According to the manifesto, which describes the current age bands as 'discriminatory', this would give 'hundreds of thousands of workers across the UK ' a pay rise.

Labour's Plan to Make Work Pay commits to banning 'exploitative' zero-hours contracts, ending fire and rehire by employers and introducing basic rights 'from day one' of a new job. This includes rights to parental leave, sick pay and protection from unfair dismissal.

The party has said it will implement its 'new deal for working people' in full within the first 100 days. However, the manifesto says that it will 'consult fully' with businesses, workers and civil society on how to put these plans into practice before legislation is passed.

The manifesto also commits to strengthening the 'collective voice of workers', including through their trade unions, and create a Single Enforcement Body to ensure employment rights are upheld. It says these changes will improve the lives of working people.

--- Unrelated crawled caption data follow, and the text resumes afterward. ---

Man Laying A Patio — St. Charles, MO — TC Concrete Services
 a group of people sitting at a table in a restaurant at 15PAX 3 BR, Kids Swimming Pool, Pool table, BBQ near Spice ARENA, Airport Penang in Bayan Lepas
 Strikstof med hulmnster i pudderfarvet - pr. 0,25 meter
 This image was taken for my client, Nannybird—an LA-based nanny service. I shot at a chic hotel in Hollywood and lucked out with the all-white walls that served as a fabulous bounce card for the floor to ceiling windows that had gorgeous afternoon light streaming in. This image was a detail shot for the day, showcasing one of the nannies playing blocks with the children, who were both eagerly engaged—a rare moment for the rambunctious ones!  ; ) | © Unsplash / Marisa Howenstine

The party has also promised to end 'bogus self-employment' arguing that some employers are exploiting a currently complex system to deny workers their legal rights. Labour says it will move towards a 'single status' of workers and create a simpler framework that differentiates between workers and the genuinely self-employed while making sure people can still benefit from flexible working.

The election manifesto says: "Greater in-work security, better pay, and more autonomy in the workplace improve the lives of working people and bring substantial economic benefits. Britain's outdated employment laws are not fit for the modern economy, and recent Conservative legislation has fuelled hostility and confrontation leading to the worst period in industrial relations since the 1980s.

"For too many people a job does not offer the route out of poverty it should: either because work is insecure, inflexible, or low paid; or because people face barriers when trying to move into a better job. Responsible businesses face being undercut when rights are not enforced properly.

"Labour will stop the chaos and turn the page to create a partnership between business and trade unions."